Thursday, April 12, 2012

Labour Conference preview

Tomorrow I head to Galway for the Labour Party Conference. It promises to be an interesting event as it is the first conference I will have attended with Labour being a party of government and also the first conference where Michael D Higgins will not be in attendance and giving a masterclass in oratory.
Friday evening's session covers the administrative tasks and then debate on Communications, Social, Protection and Political Reform. Of these, the most interesting motion is one from Harold's Cross branch (#25) demanding the restoration of the FOI act and ensuring that NAMA comes under its remit. After all of Gavin Sheridan's efforts to get information from NAMA it would be great to see such a move actually happening.

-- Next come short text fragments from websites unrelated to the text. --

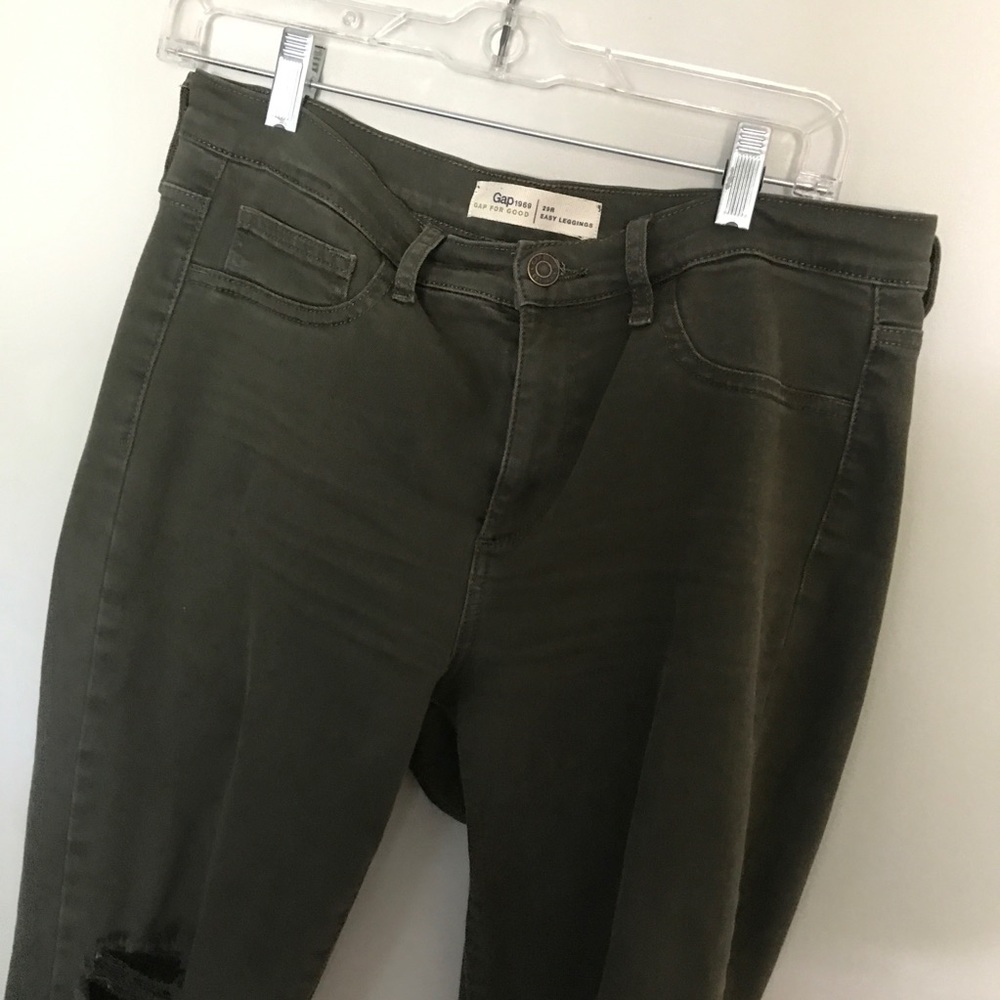 Dark green skinny jean leggings - Picture 2 of 3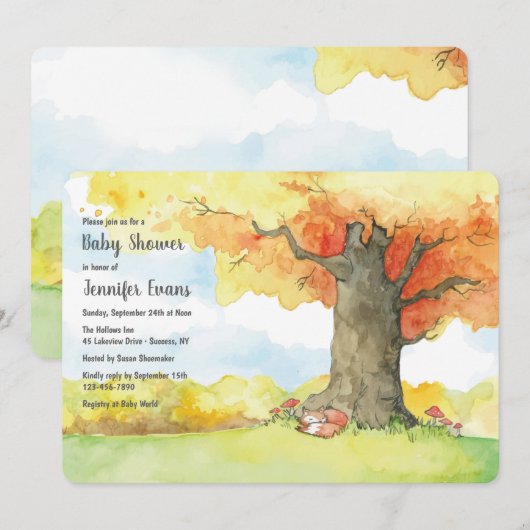 Slapende Vos onder een Boom Uitnodiging (Voorkant / Achterkant)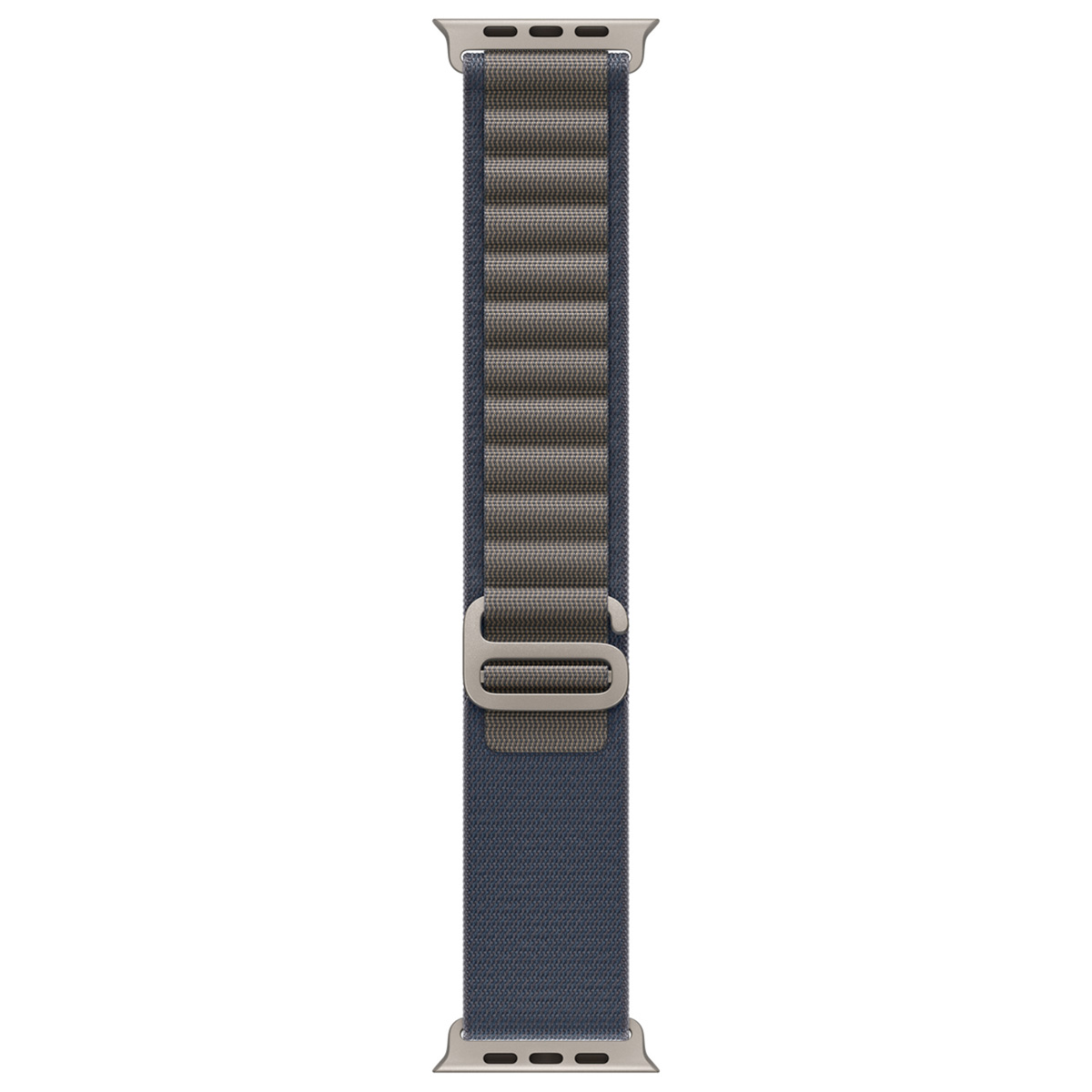 Un bracelet bleu et gris pour Apple Watch avec connecteurs argentés.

Saturday morning features Education, Health and Jobs. The first two will be covered before 11 when the RTE cameras will start rolling and a stream of councillors and TDs will most likely be lined up to have their 3 minutes of fame. These motions look to have been carefully selected to avoid any controversy as they almost all state support for creating jobs - who could possibly be against that?
The afternoon session is a whole other kettle of fish. The economy takes centre stage and there are over 30 motions up for debate. There are at least a few that I feel I may end up speaking against, mainly to do with the IBRC promissory notes. There will also be motions taken on internal party organization which are often the most entertaining. One that Dublin South East members may be keenly interested in is #112 supporting the abolition of the Candidate Selection Boards which ended up splitting DSE in two for the selection of candidates for the last general election.
After a break for workshops, the conference reconvenes for the Leader's Speech which this year features David Begg from ICTU as the warm up act. How aligned ICTU and the party still are is a matter for some debate so it will be interesting to see if contradictory positions are taken by the speakers on any topic. Leader's Speech is also televised so the body language and positioning of Eamon vis-a-vis other TDs and Senators will show how united or divided the parliamentary party is to the public. The amount of cheering and clapping (or lack thereof) will also been seen as endorsement (or not) of the party's performance in government by the membership.
Conference winds up on Sunday morning for the hangover sufferers with debate on International, Justice and Environmental issues. The DSE motion that was proposed by the Rathmines Branch (#155) will be taken almost at the end of the session. Rathmines' amendment to the abortion motion (#138) is also scheduled for debate on Sunday morning. The local clergy must be up in arms about our defiling of the Sabbath day! Following the singing of the Red Flag, we'll all pack up and head back home content or disgruntled with the weekend's events.
Of course, the most important part of conference is what happens in the bars, restaurants, corridors and nightclubs. It is a great chance to meet other like-minded people, catch up with old friends and comrades and let one's hair down in a vaguely safe environment. But to take a phrase from another part of my life, what happens on tour stays on tour and so those secrets will be taken to the grave.